What you have to do => Type the listing below out again exactly. No images.

- - - - -

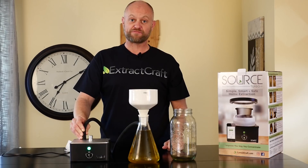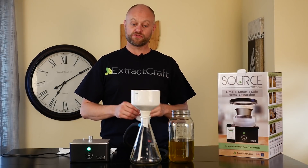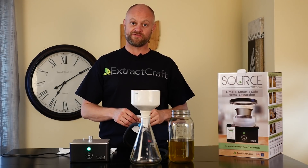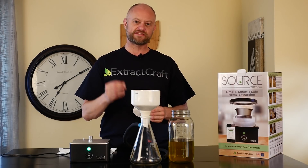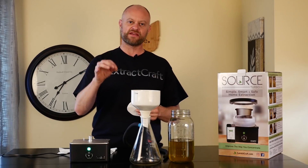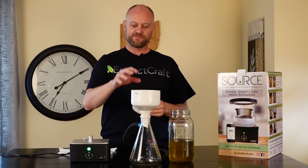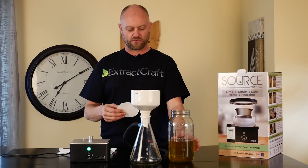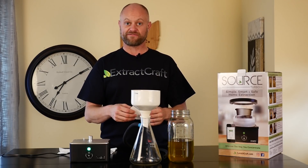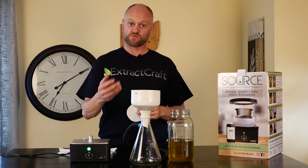Now we're done with the second pass, so we'll do one more pass after this. For the third pass through the Büchner funnel, one thing to keep in mind is that paper filters typically come in fast, medium, or slow feed. It's important to use the fast paper filter on the initial first pass, and then once the alcohol has been cleaned up a bit, use the slow feed to catch even more particles, waxes, and lipids.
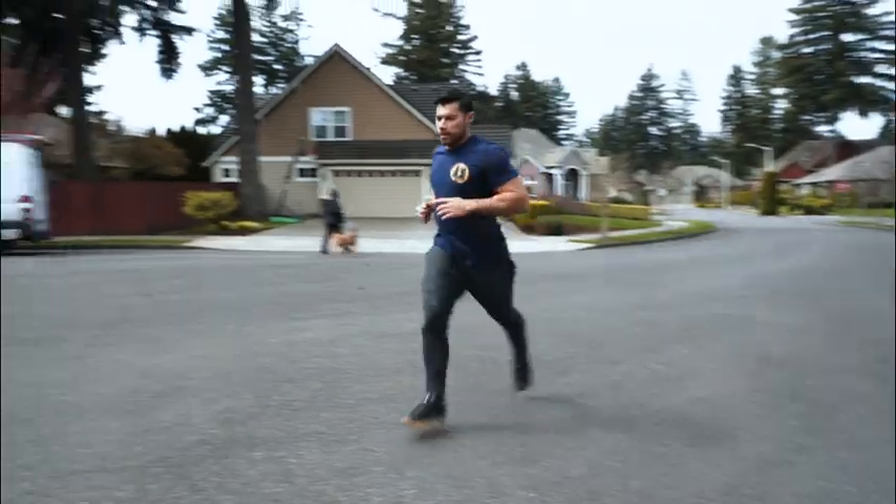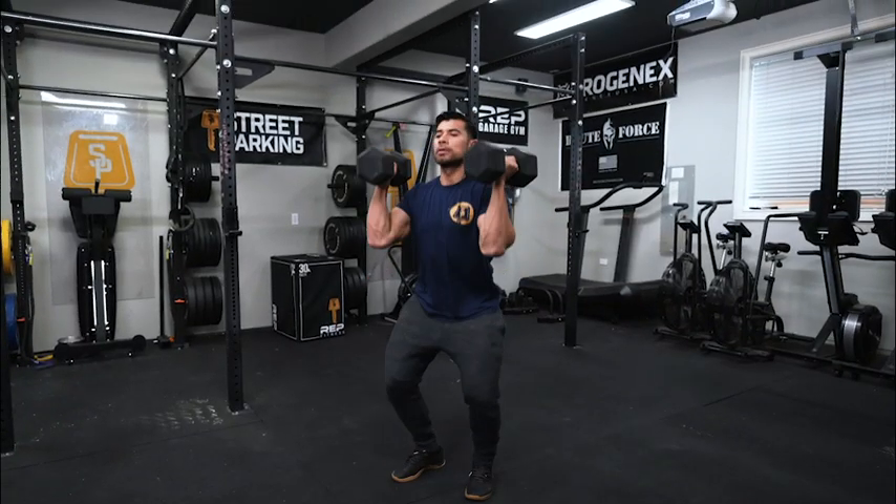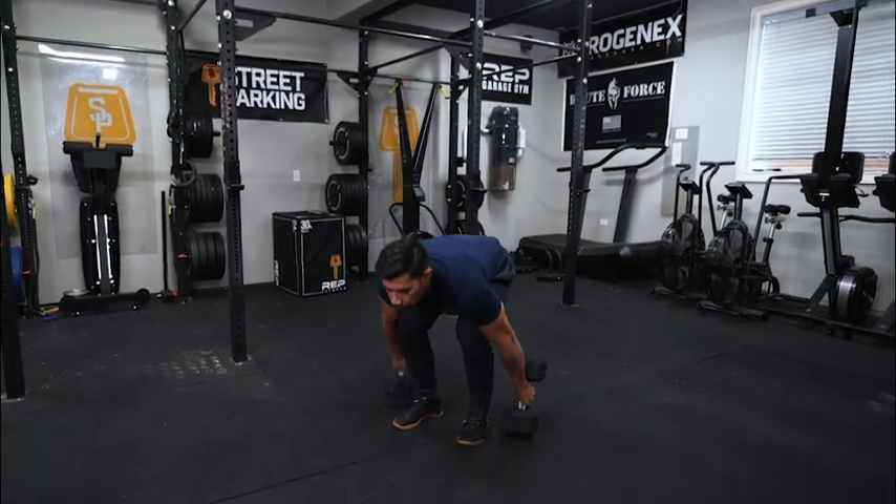Try to get the run done in about a minute to a minute 15 seconds. For the 12 dumbbell power clean and jerks, if you need to break it up into two sets — six and six — that's totally fine. Try to keep these rounds in about a two minute range. The goal time is 13 minutes.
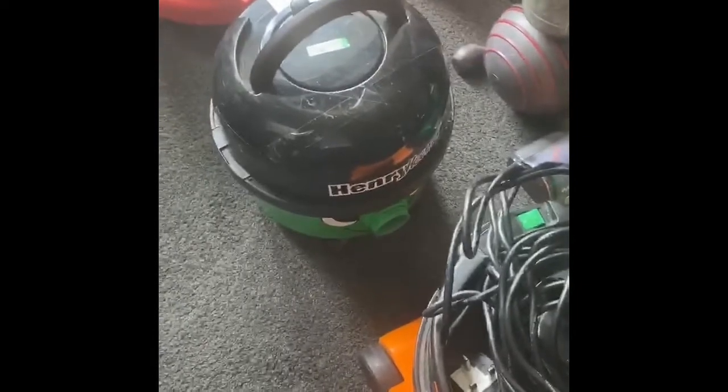Here's my Henry Hound — yeah, it's in great condition, just the model numbers. Here's my mum's Dyson. It's missing the run time.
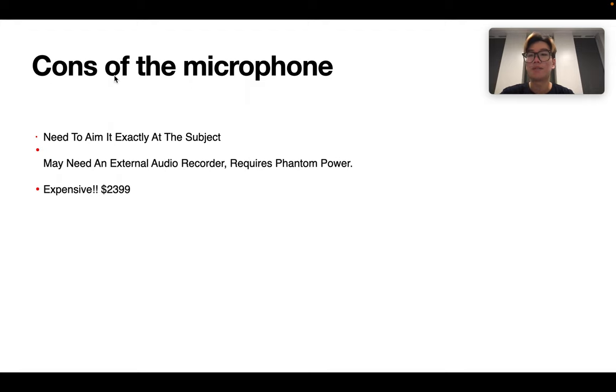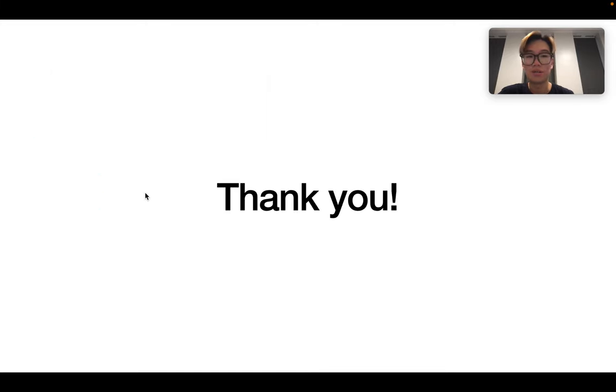There are also some cons. The first one is that it needs to aim directly at the subject, so it can be more complicated to use. It may also need an external audio recorder. It requires phantom power to drive, and it is very expensive — over $2,000, which is not a small amount. So that's all. Thank you very much.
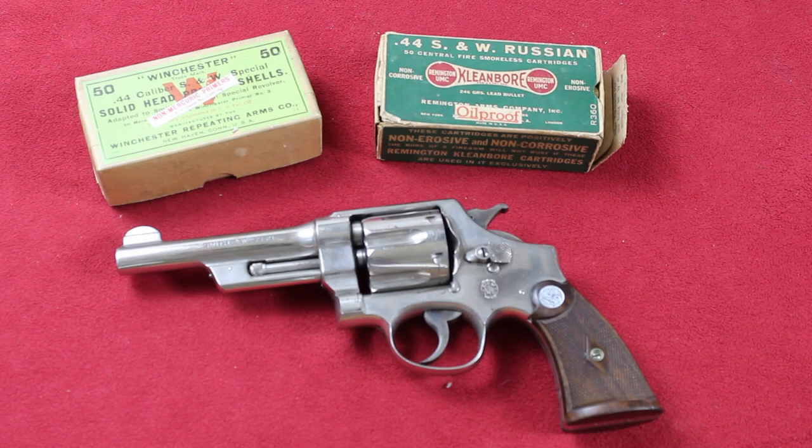Hi, welcome to M&P Production. Today I've got one of my favorite guns, a Smith & Wesson 3rd Model 44 Hand Ejector, sometimes known as the Model 1926, sometimes called the Wolfenklar Model.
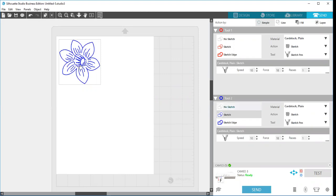I have to make sure to tell it to not sketch so it won't sketch the next time. I need to make sure my design is still selected, then choose no sketch, and then the cut lines are going to disappear.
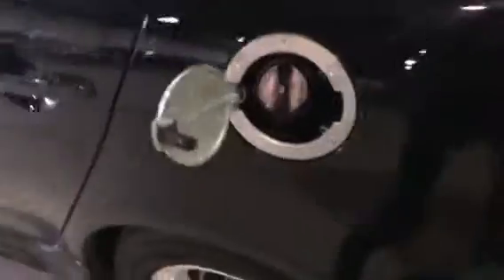Another great little feature — your trunk release and your gas release are inside, so you're not going to have to worry about anybody siphoning your gas or throwing sugar or sand into it. At least you have that somewhat of a protection inside.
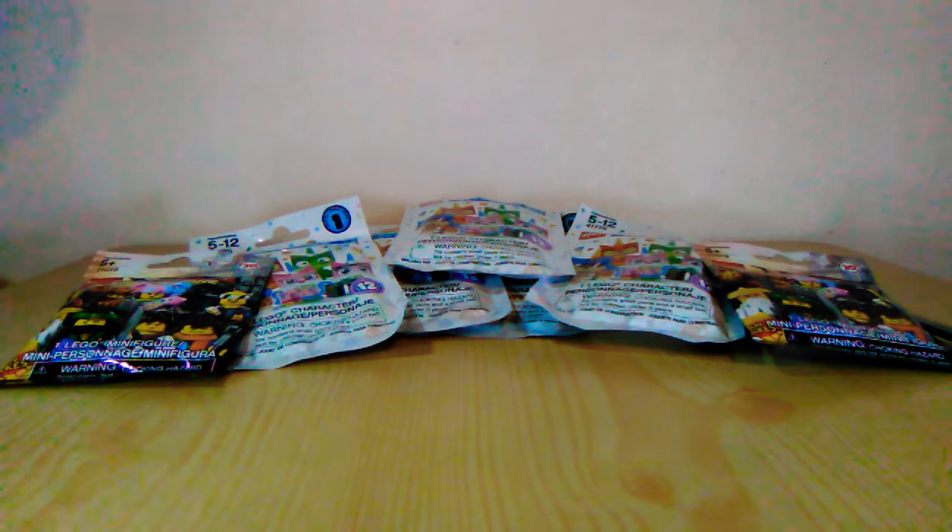Yo yo yo, friends. What's up? Nice to be back at it again with another blind bag review. This time we got the Unikitty blind bags along with two Ninjago Movie blind bags just for the fun of it. I do have all of those minifigures, but I got them free, so what the heck, right? Let's do this.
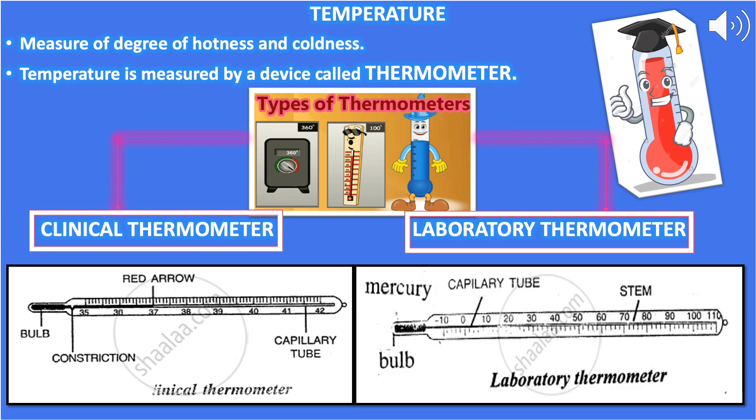The normal temperature of the human body is 37°C or 98.6°F. If the body temperature is above 37°C, it means the person is suffering from fever.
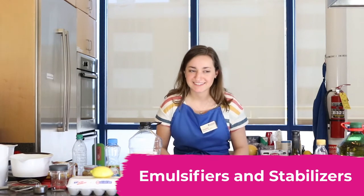Hi friends, my name is Maddie and I'm a museum educator here at the Creative Discovery Museum. Today for kitchen chemistry we're going to be learning about emulsifiers and stabilizers. So have you guys ever heard the saying that oil and water don't mix? Today we're gonna find out why and then we're gonna use chemistry to find ways to force them to stick together.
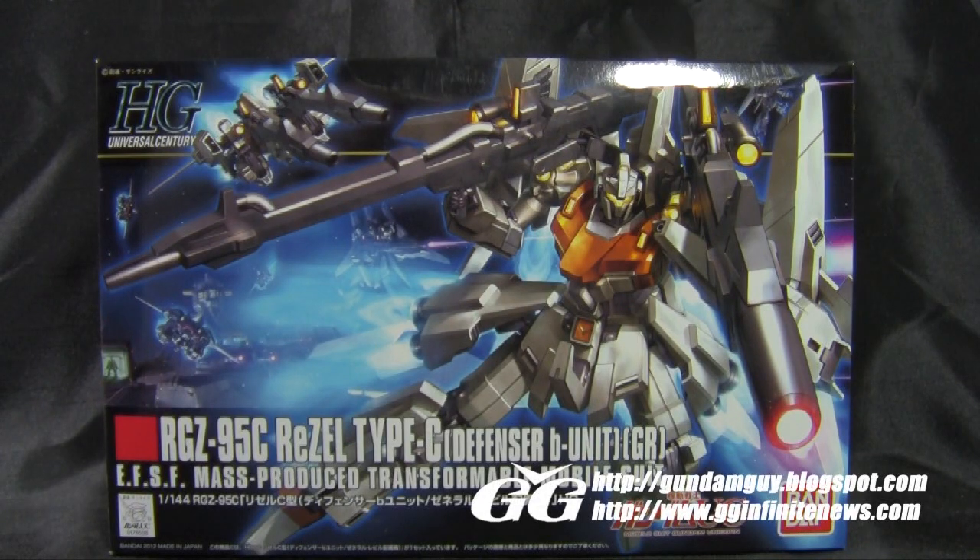Welcome back, Gundam guys and Gundam gals. Patrick Grade here from GGInfinite.com. Today I'm very happy to bring you the unboxing video for the newest HGUC available at GGInfinite.com, the ReZEL Type-C Defensor B Unit in General Revel Custom Colors.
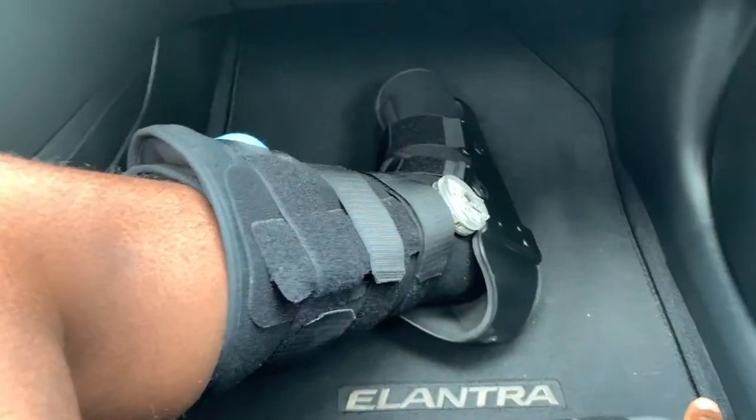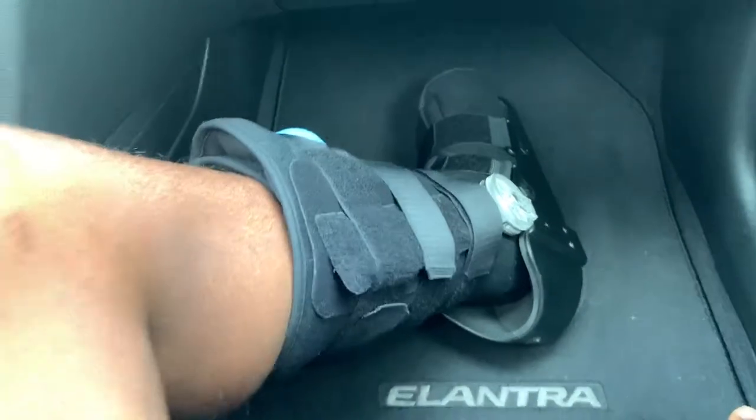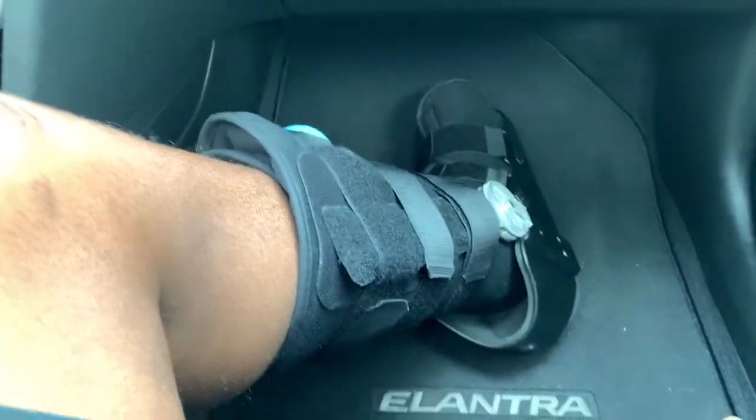So I got the boot. Today's Christmas, so Merry Christmas to everybody. I got the boot last Saturday — it came in. So I'm going to show you guys what it looks like. This is the boot right here. It's made by United Ortho on Amazon. You can find them on there. They come in a small and a large, or a regular and a large — something like that. And I got the large.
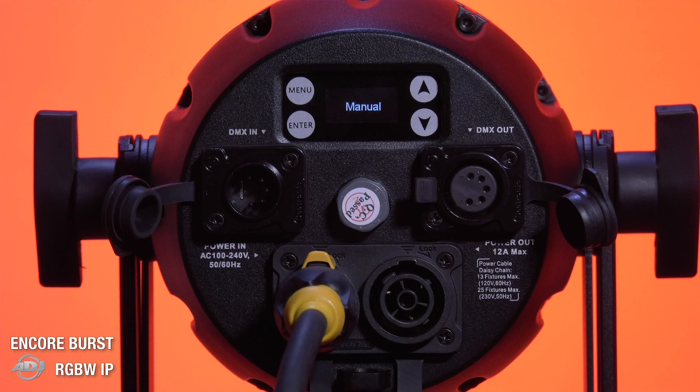Hardware-wise, this unit has IP65 rated 5-pin DMX ins and outs, locking C-Tronic IP65 power ins and outs, and an easy-to-use display with 4-button touch menu. It also features a scissor yoke for floor mounting applications as well as Omega bracket mounting points for usage with clamps.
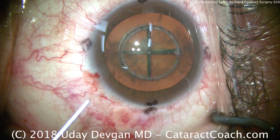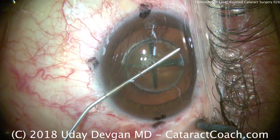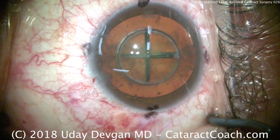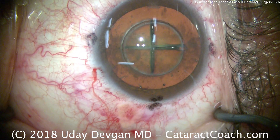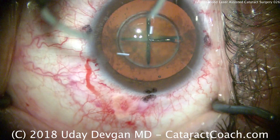I actually prefer to make my main incision with a diamond keratome, which I find does a better job — more predictable with better sealing — than using the femtosecond laser for the incision. The eye is filled with viscoelastic, and here we're going to use that diamond keratome to make our temporal incision.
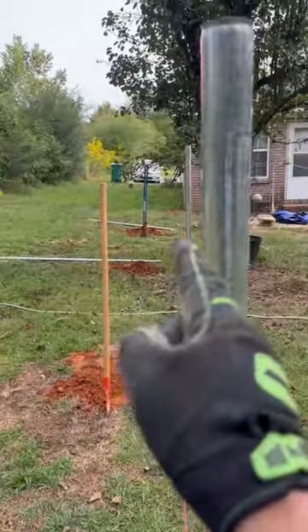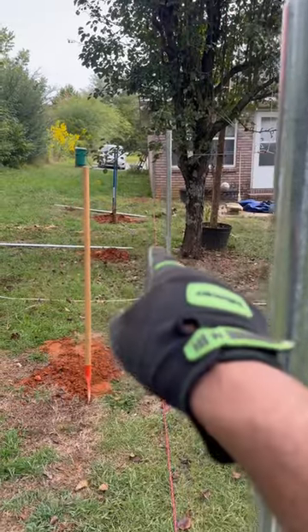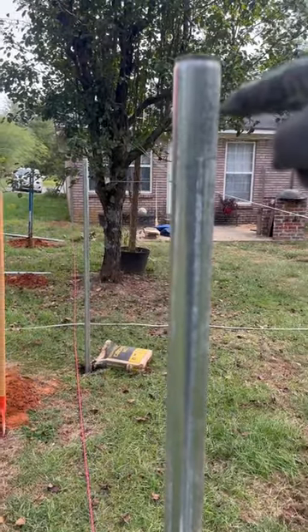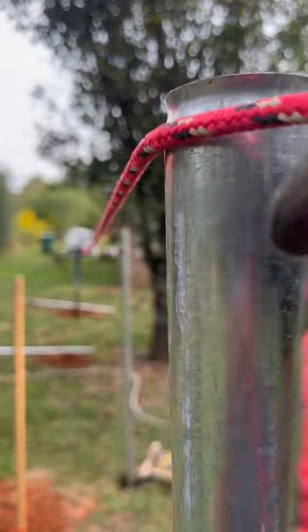I'm having a little bit of trouble making sure that one's even between that pole and this pole. What I'm going to do is take that rope, tie it to the top, bring it over here, and tie it to this end post. At least I can keep an accurate line on there. I'm going to tie it right here.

- - - - -

Exercise output =>
Now we're done with the second pass, so we'll do one more pass after this. For the third pass through the Büchner funnel, one thing to keep in mind is that paper filters typically come in fast, medium, or slow feed. It's important to use the fast paper filter on the initial first pass, and then once the alcohol has been cleaned up a bit, use the slow feed to catch even more particles, waxes, and lipids.
Try to get the run done in about a minute to a minute 15 seconds. For the 12 dumbbell power clean and jerks, if you need to break it up into two sets — six and six — that's totally fine. Try to keep these rounds in about a two minute range. The goal time is 13 minutes.
Here's my Henry Hound — yeah, it's in great condition, just the model numbers. Here's my mum's Dyson. It's missing the run time.
There are also some cons. The first one is that it needs to aim directly at the subject, so it can be more complicated to use. It may also need an external audio recorder. It requires phantom power to drive, and it is very expensive — over $2,000, which is not a small amount. So that's all. Thank you very much.
Hi, welcome to M&P Production. Today I've got one of my favorite guns, a Smith & Wesson 3rd Model 44 Hand Ejector, sometimes known as the Model 1926, sometimes called the Wolfenklar Model.
I have to make sure to tell it to not sketch so it won't sketch the next time. I need to make sure my design is still selected, then choose no sketch, and then the cut lines are going to disappear.
Another great little feature — your trunk release and your gas release are inside, so you're not going to have to worry about anybody siphoning your gas or throwing sugar or sand into it. At least you have that somewhat of a protection inside.
Yo yo yo, friends. What's up? Nice to be back at it again with another blind bag review. This time we got the Unikitty blind bags along with two Ninjago Movie blind bags just for the fun of it. I do have all of those minifigures, but I got them free, so what the heck, right? Let's do this.
The normal temperature of the human body is 37°C or 98.6°F. If the body temperature is above 37°C, it means the person is suffering from fever.
Hi friends, my name is Maddie and I'm a museum educator here at the Creative Discovery Museum. Today for kitchen chemistry we're going to be learning about emulsifiers and stabilizers. So have you guys ever heard the saying that oil and water don't mix? Today we're gonna find out why and then we're gonna use chemistry to find ways to force them to stick together.
Welcome back, Gundam guys and Gundam gals. Patrick Grade here from GGInfinite.com. Today I'm very happy to bring you the unboxing video for the newest HGUC available at GGInfinite.com, the ReZEL Type-C Defensor B Unit in General Revel Custom Colors.
So I got the boot. Today's Christmas, so Merry Christmas to everybody. I got the boot last Saturday — it came in. So I'm going to show you guys what it looks like. This is the boot right here. It's made by United Ortho on Amazon. You can find them on there. They come in a small and a large, or a regular and a large — something like that. And I got the large.
Hardware-wise, this unit has IP65 rated 5-pin DMX ins and outs, locking C-Tronic IP65 power ins and outs, and an easy-to-use display with 4-button touch menu. It also features a scissor yoke for floor mounting applications as well as Omega bracket mounting points for usage with clamps.
I actually prefer to make my main incision with a diamond keratome, which I find does a better job — more predictable with better sealing — than using the femtosecond laser for the incision. The eye is filled with viscoelastic, and here we're going to use that diamond keratome to make our temporal incision.
I'm having a little bit of trouble making sure that one's even between that pole and this pole. What I'm going to do is take that rope, tie it to the top, bring it over here, and tie it to this end post. At least I can keep an accurate line on there. I'm going to tie it right here.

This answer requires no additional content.